Michael Eisner n'est plus seulement le patron de la compagnie Disney: il est aussi le roi du divorce. Après dix mois de négociations, la société Pixar, tête de pont de l'animation numérique mondiale (Toy Story 1 et 2, 1001 Pattes, Monstres et Co., Le Monde de Nemo), vient de claquer la porte. Elle cherche à présent un studio moins gourmand et capable de lui fournir les mêmes infrastructures de distribution et de marketing (LT du 31.01.04). La Warner et la 20th Century Fox se disent déjà prêtes à en discuter.

Fin novembre, c'est Roy Disney, le neveu de Walt, qui quittait son poste de vice-directeur, reprochant notamment à Michael

Eisner la fermeture des studios d'animation traditionnelle d'Orlando.

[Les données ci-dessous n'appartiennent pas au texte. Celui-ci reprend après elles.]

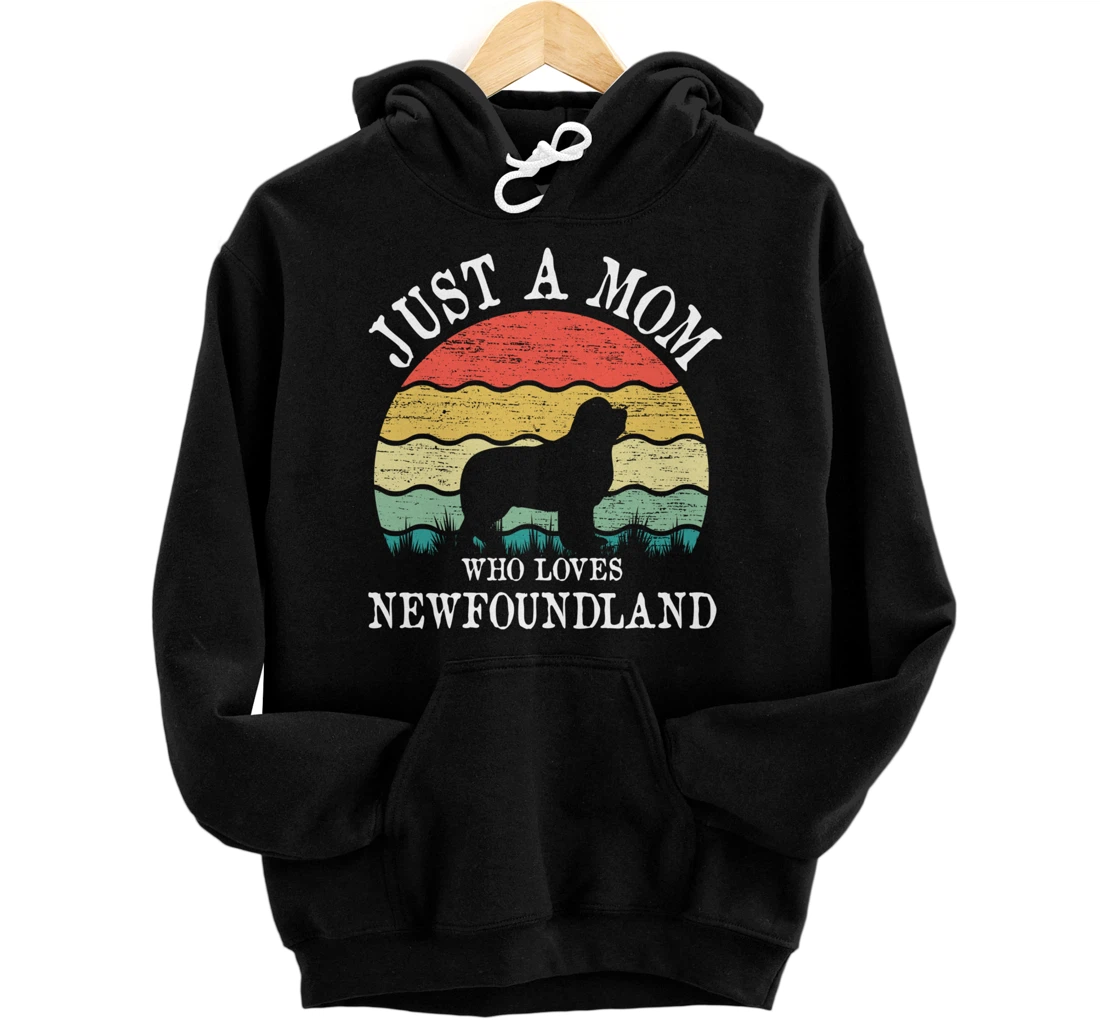 Just A Mom Who Loves Newfoundland Dog Lover Mom Pullover Hoodie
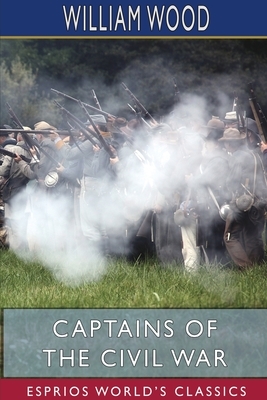 Captains of the Civil War (Esprios Classics) by William Wood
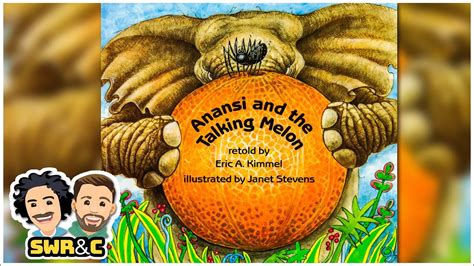  Anansi and the Talking Melon - A Folktale Exploring Cunning, Deception, and the Importance of Honesty!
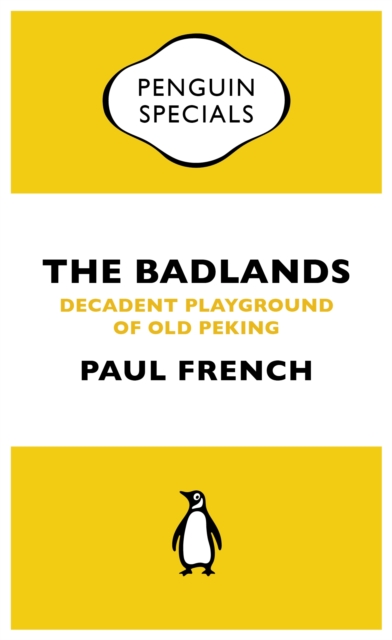 The Badlands : Decadent Playground of Old Peking, EPUB eBook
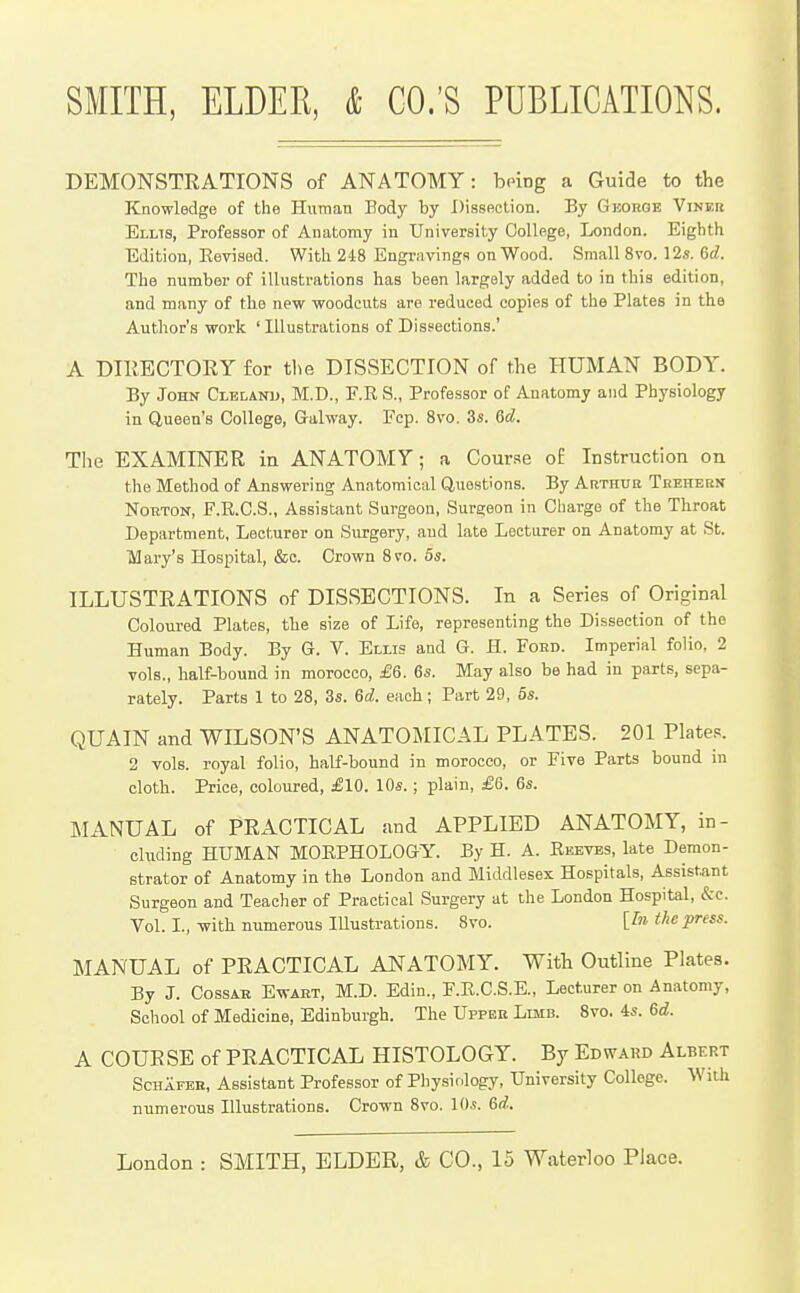 DEMONSTRATIONS of ANATOMY: being a Guide to the Knowledge of the Human Body by Dissection. By Gkouge Viner Elms, Professor of Anatomy in University College, London. Eighth Edition, Eevised. With 218 Engravings on Wood. Small 8vo. 12«. 6c?. The number of illustrations has been largely added to in this edition, and many of the new woodcuts are reduced copies of the Plates in the Author's work 'Illustrations of Dissections.' A DTllECTOEY for tl^e DISSECTION of the HUMAN BODY. By John Clelanu, M.D., F.R S., Professor of Anatomy and Physiology in Queen's College, Galway. Fcp. Svo. 3s. 6d. The EXAMINER in ANATOMY; a Cour.se of Instruction on the Method of Answering Anatomical Questions. By Arthtib Teehbbn Norton, F.R.C.S., Assistant Surgeon, Surgeon in Charge of the Throat Department, Lecturer on Surgery, and late Lecturer on Anatomy at St. lUary's Hospital, &c. Crown Svo. 5s. ILLUSTRATIONS of DISSECTIONS. In a Series of Original Coloured Plates, the size of Life, representing the Dissection of the Human Body. By G. V. Ellis and G. H. Ford. Imperial folio, 2 vols., half-bound in morocco, £6. 6s. May also be had in parts, sepa- rately. Parts 1 to 28, 3s. 6d. each; Part 29, 5s. QUAIN and WILSON'S ANATOMICAL PLATES. 201 Plates. 2 vols, royal folio, half-bound in morocco, or Five Parts bound in cloth. Price, coloured, £10. 10s.; plain, £6. 6s. MANUAL of PRACTICAL and APPLIED ANATOMY, in- cluding HUMAN MORPHOLOGY. By H. A. Reeves, late Demon- strator of Anatomy in the London and Middlesex Hospitals, Assistant Surgeon and Teacher of Practical Surgery at the London Hospital, &c. Vol. L, with numerous lUustrations. Svo. [In the press. MANUAL of PRACTICAL ANATOMY. With Outline Plates. By J. CossAB EwABT, M.D. Edin., F.R.C.S.E., Lecturer on Anatomy, School of Medicine, Edinburgh. The Uppeb Limb. Svo. 4s. 6d. A COURSE of PRACTICAL HISTOLOGY. By Edward Albert ScHAFEB, Assistant Professor of Physiology, University College. With numerous Illustrations. Crown Svo. lOs. 6d.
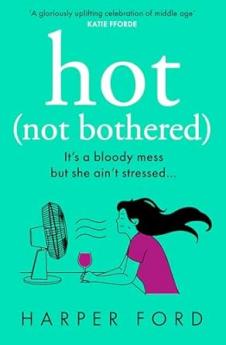 HOT NOT BOTHERED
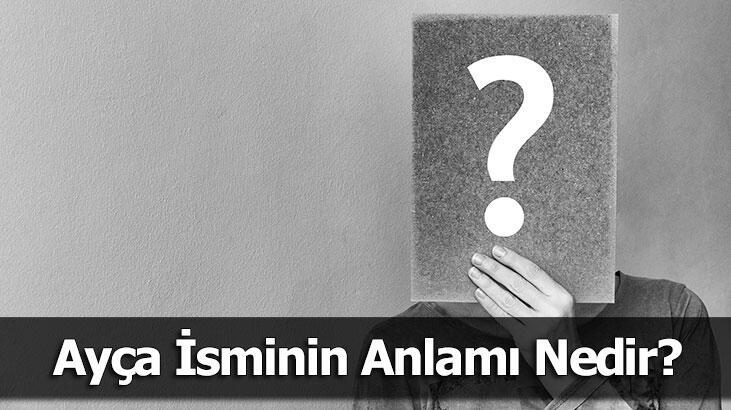 Ayça İsminin Anlamı Nedir? Ayça Ne Demek, Ne Anlama Gelir?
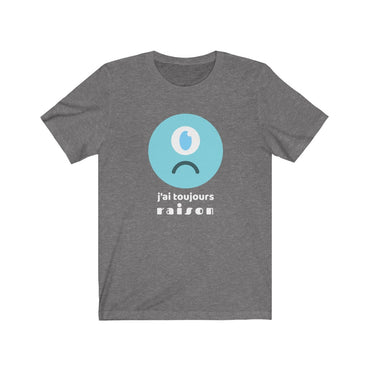 t shirt j'ai toujours raison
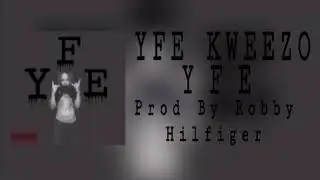 YFE Kweezo - YFE (Prod By Robby Hilfiger)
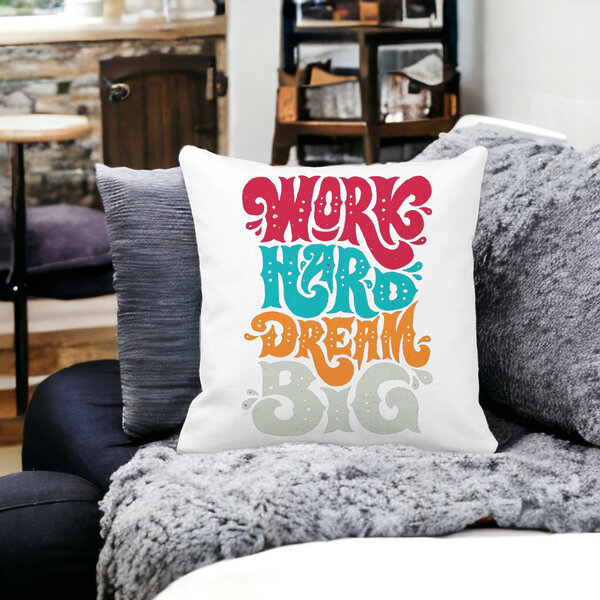 Perna Decorativa Patrata Work Hard Dream Big, 40x40 cm, Alba, Mata, Husa Detasabila, Burduf 16 Mata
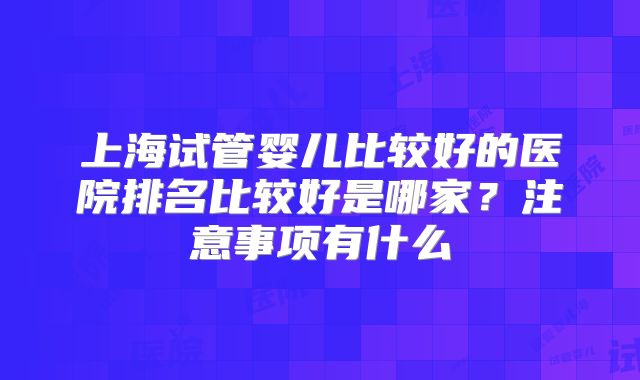 上海试管婴儿比较好的医院排名比较好是哪家？注意事项有什么
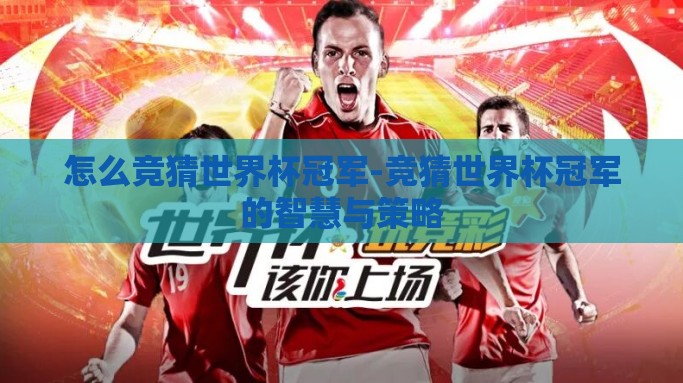 怎么竞猜世界杯冠军-竞猜世界杯冠军的智慧与策略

Un épisode qui s'ajoutait alors à une longue série de démissions. La plus marquante, en 1994, fut celle de Jeffrey Katzenberg, l'initiateur du Roi Lion qui venait de sortir la compagnie du marasme.

Combien de divorces artistiquement périlleux Michael Eisner pourra-t-il endosser? Ses actionnaires le décideront le 3 mars lors de leur meeting annuel. Accepteront-ils que le studio réduise sa voilure dans le domaine de l'animation classique et développe son secteur numérique sans Pixar? Disney annonce en effet deux projets 100% maison: Chicken Little pour 2005 et Toy Story 3 en 2006, puisque la compagnie conserve les droits de tous les films créés par Pixar, y compris celui de les décliner en suites. Une habitude d'Eisner: après le départ de Jeffrey Katzenberg, la major avait longuement exploité les filons du Roi Lion avec des séquelles destinées à la vidéo.

Disney paternaliste

Si l'horizon Disney s'annonce donc plus morose et commercial que jamais, celui de Pixar scintille de tous ses pixels. Contractuellement, les deux prochains films de la société de Steve Jobs, le patron d'Apple, sortiront sous la bannière de Disney: The Incredibles cette année et Cars en 2005.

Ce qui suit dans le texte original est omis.